What’s not new? Cursing and demonization of the ‘other’
In both the U.S. and in Israel we are gearing up for elections in November. It is hard to fathom how the future leaders of our two countries can allow themselves to speak with such abominable rhetoric against their opponents. I don’t have to go very far with examples. Just open up the newspapers. There are reports about the “vitriol” and threats such as “we’re going to hang you” and “I hope somebody puts a bullet in your head.” The U.S. is experiencing abusive language not only on the fringe but also in the mainstream population. Where are the mothers of yesteryear who could tell these various candidates to “wash their mouths with soap”?
Society is in the midst of demonization, or “othering”. In Israel, we are experiencing the same. I won’t dignify any of these candidates by repeating their words—we hear them daily. What they make clear is what they don’t stand for. Who cares if the most impoverished among Haredi Jewish children are denied their basic rights to read and learn mathematics. Let’s cast aside my principles (assuming I have some to begin with) just to make sure that they will vote for me. What these candidates represent is ephemeral. We do know whom they oppose. Bezalel Smotrich, the right-wing “lawmaker” calls the Arab political parties, “the most dangerous security threat” to Israel and wants to outlaw them. His identity consists of what he is not, and not of what he is. His self-definition is hatred and demonization of the other.

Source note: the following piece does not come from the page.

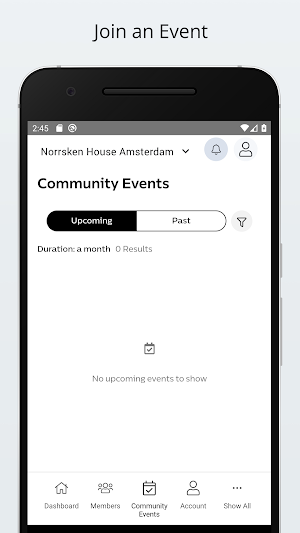 Norrsken House Amsterdam Screenshot 1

There is a burgeoning field of Hate Studies and an annual peer-reviewed journal, The Journal of Hate Studies, which is celebrating its twentieth anniversary this year. It studies what hate is, where it comes from, and how to combat it. It presents theory and research that deepens the understanding of the development and expression of hate. Our Torah portion of the week, the parasha Ki Tavo has two outstanding examples of texts which seem to promote hatred and demonization of the other.
I’ll start with the lengthy litany of curses with which God threatens His people if we/they don’t obey Him. Preceding these curses are blessings with which, if the people obey God, they will prosper. “The Lord will make you the head, not the tail; you will always be at the top and never at the bottom-if only you obey and faithfully observe the commandments of the Lord your God that I enjoin upon you this day, and do not deviate to the right or to the left from any of the commandments that I enjoin upon you this day and turn to the worship of other gods” (Deut 28: 13-14).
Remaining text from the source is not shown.